Stanford CS224N Study Guide NLP with Deep Learning

Course Overview

This comprehensive study guide covers the first five lectures of Stanford's CS224N course on Natural Language Processing with Deep Learning. The course explores modern approaches to understanding and generating human language using neural networks and deep learning techniques.

5 Lectures

Comprehensive coverage of foundational NLP concepts

20+ Quizzes

Practice questions with instant feedback

30+ Flashcards

Interactive study cards for key concepts

Lecture 1: Introduction and Word Vectors

Lecture 1

Introduction and Word Vectors

What is Natural Language Processing?

Natural Language Processing (NLP) is a field at the intersection of computer science, artificial intelligence, and linguistics. The goal is to enable computers to understand, interpret, and generate human language in a valuable way.
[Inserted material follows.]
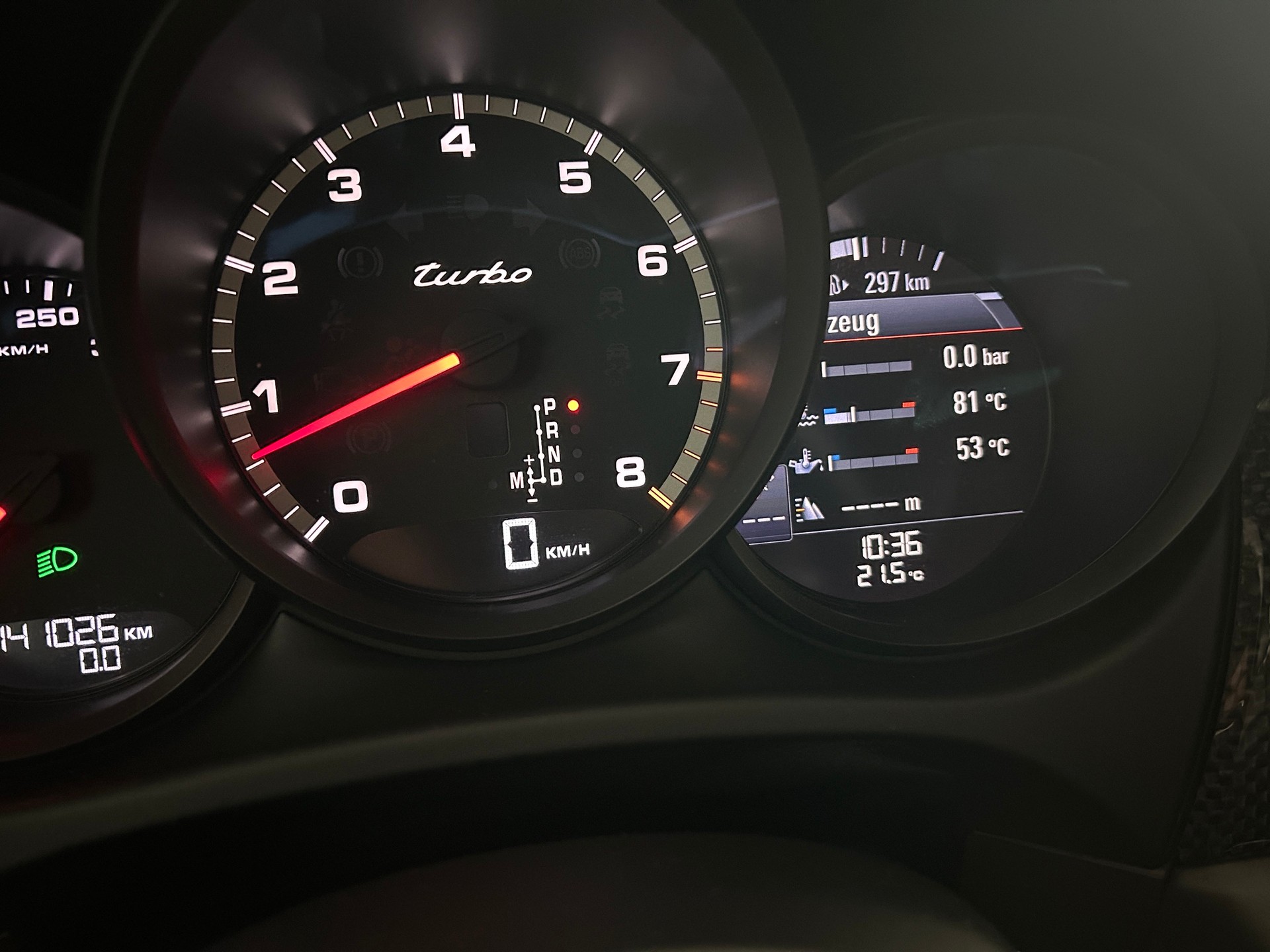 PORSCHE Macan Turbo PDK -Leder-DAB-Adaptive Sportsitze-Tempostat-Carbon Interieur-image-8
Understanding text and speech
Machine translation
Question answering systems
Sentiment analysis
Information extraction
Text generation and summarization

Why is NLP Challenging?

Human language is incredibly complex and nuanced. Several factors make NLP particularly challenging:

Ambiguity: Words and sentences can have multiple meanings depending on context
Context Dependence: Meaning changes based on surrounding words and discourse
World Knowledge: Understanding often requires external knowledge beyond the text
Variability: Infinite ways to express the same idea
Compositionality: Meaning of phrases depends on word combinations

Word Meaning Representations

Traditional approaches used discrete symbols (one-hot encoding), but this fails to capture semantic relationships. Modern approaches use distributed representations.
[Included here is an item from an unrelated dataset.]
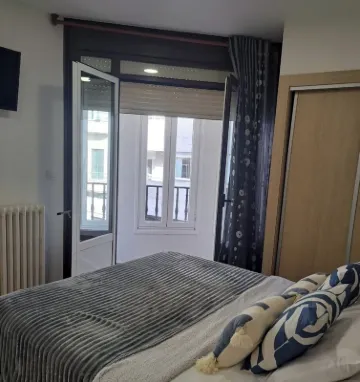 New J&J Hostel Hotels in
Distributional Hypothesis:
"You shall know a word by the company it keeps" - J.R. Firth
Words that appear in similar contexts tend to have similar meanings

Word2Vec: Skip-gram and CBOW

Word2Vec is a framework for learning word embeddings using neural networks. Two main architectures:

Skip-gram: Predicts context words given a center word
CBOW (Continuous Bag of Words): Predicts center word given context words

Skip-gram Objective:
Maximize: J(θ) = (1/T) Σ Σ log P(w_t+j | w_t)
Where T is corpus size, and we predict context within window m

Word Vector Properties

Word vectors capture semantic and syntactic relationships through vector arithmetic:

Famous Examples:
vec("king") - vec("man") + vec("woman") ≈ vec("queen")
vec("Paris") - vec("France") + vec("Italy") ≈ vec("Rome")

Key Takeaways

Word vectors represent words as dense, continuous vectors in high-dimensional space
Distributional semantics: words in similar contexts have similar meanings
Word2Vec learns embeddings by predicting context words
Vector arithmetic can capture semantic relationships

Lecture 2: Word Vectors and Language Models

Lecture 2

Word Vectors and Language Models

Optimization Basics for Word Vectors

Training word vectors requires optimizing the objective function using gradient descent.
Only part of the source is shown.